The chelating agents most commonly used for calcium are _f this is particularly true in the detergents industry, the polyphosphoric "These are inexpensive, but they conformed especially wastewaters, such as domestic sewage or industrial _Abwasserη; a type of fertilizer is _8, the excessive development of certain algae favors that change the natural balance and for the flora and fauna of the aquatic environment, in particular coastal waters, lakes and even harmful change of seas, if such residue waters flowing into them.

These drawbacks stimulated researchers to use organic chelating agents to propose and in particular chelating agents based on "polycarboxylic acids (SCHWARZENBACH and KoIl.
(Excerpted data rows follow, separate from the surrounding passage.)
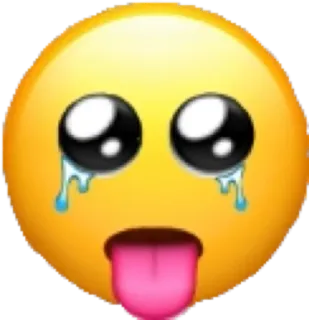 😛 21c54346 emoji, ahegao, expression, face, meme telegram sticker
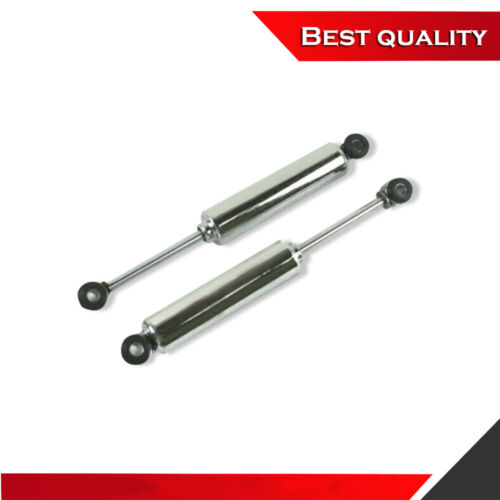 1 Pair Universal 12.5'' Steel Short Gas-Filled Tube Shocks Chrome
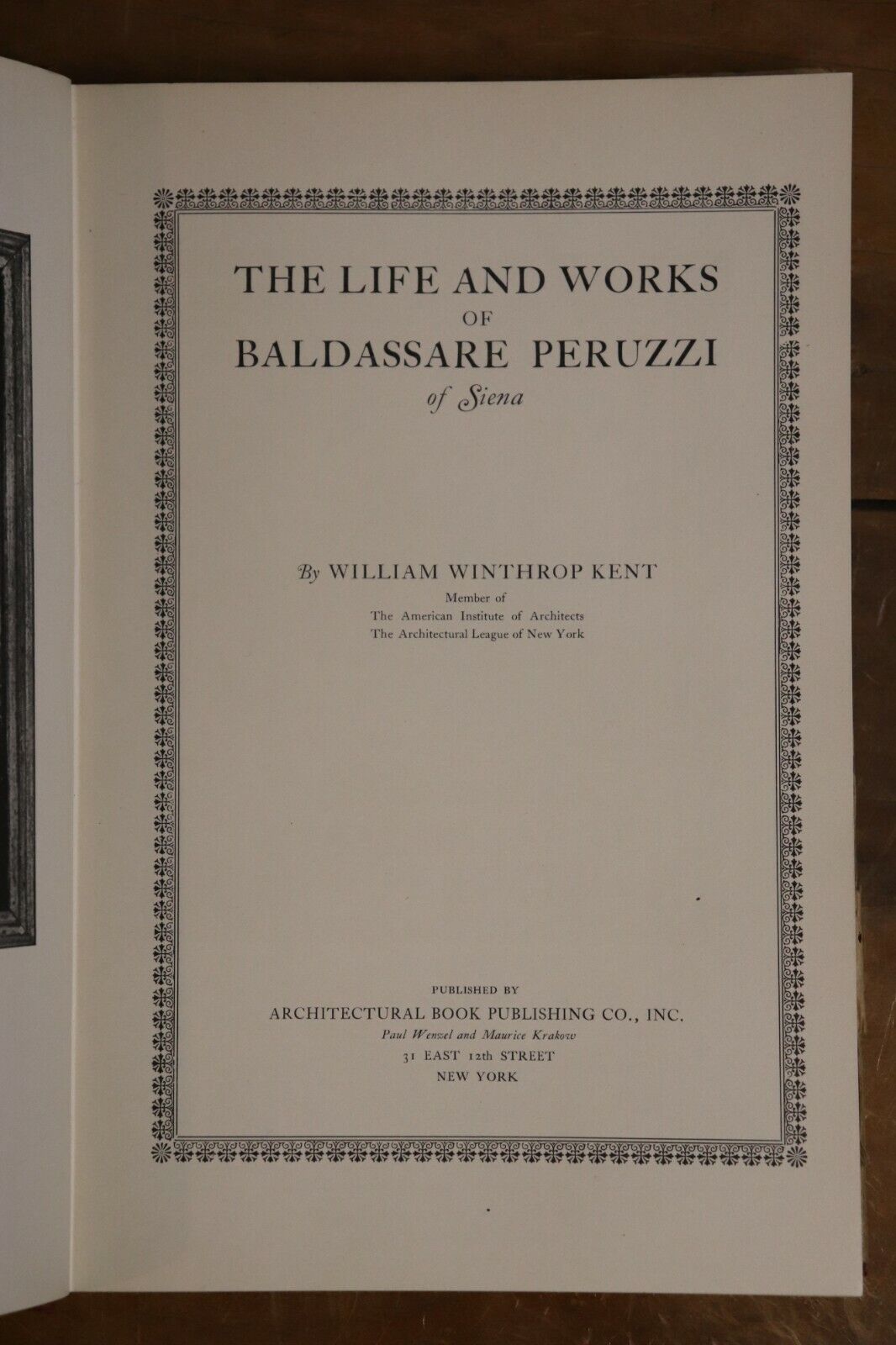 The Life & Works Of Baldassare Peruzzi - 1925 - 1st Edition Architecture Book - 0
Helv.Chim.Acta 1945, 28, page 828 and 1949, 32, page 1 175)> which are of great interest with regard to the formation of soluble chelates in an aqueous medium.
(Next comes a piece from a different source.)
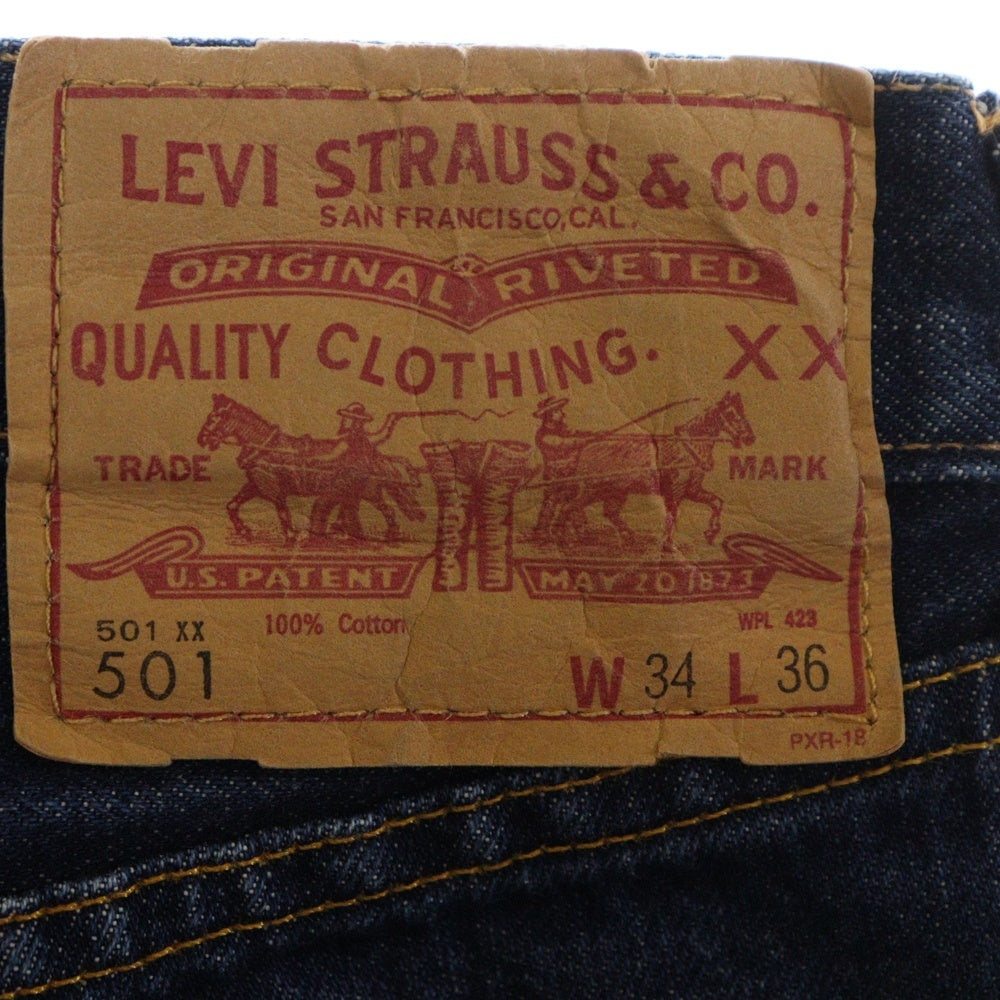 Levi's(リーバイス) 501XX ビッグE復刻 デニムパンツ インディゴ 66501.0008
These compounds are obtained by substituting the hydrogen atoms in ammonia or ethylenediamine with CH ₂ -COOH groups, whereby the substitution of the three hydrogen atoms in ammonia with three acetic acid groups leads to a very good chelating agent, namely nitrilotriacetic acid or tricarboxymethylamine (compare the work of HEINZ , annales 1869, 149, page 88j DUBSKY and KoIl. REPORT 1916, 49, page I.o4l; MARTELL and KoIl. J.ORG.CHEM. 195o, 15, page 46).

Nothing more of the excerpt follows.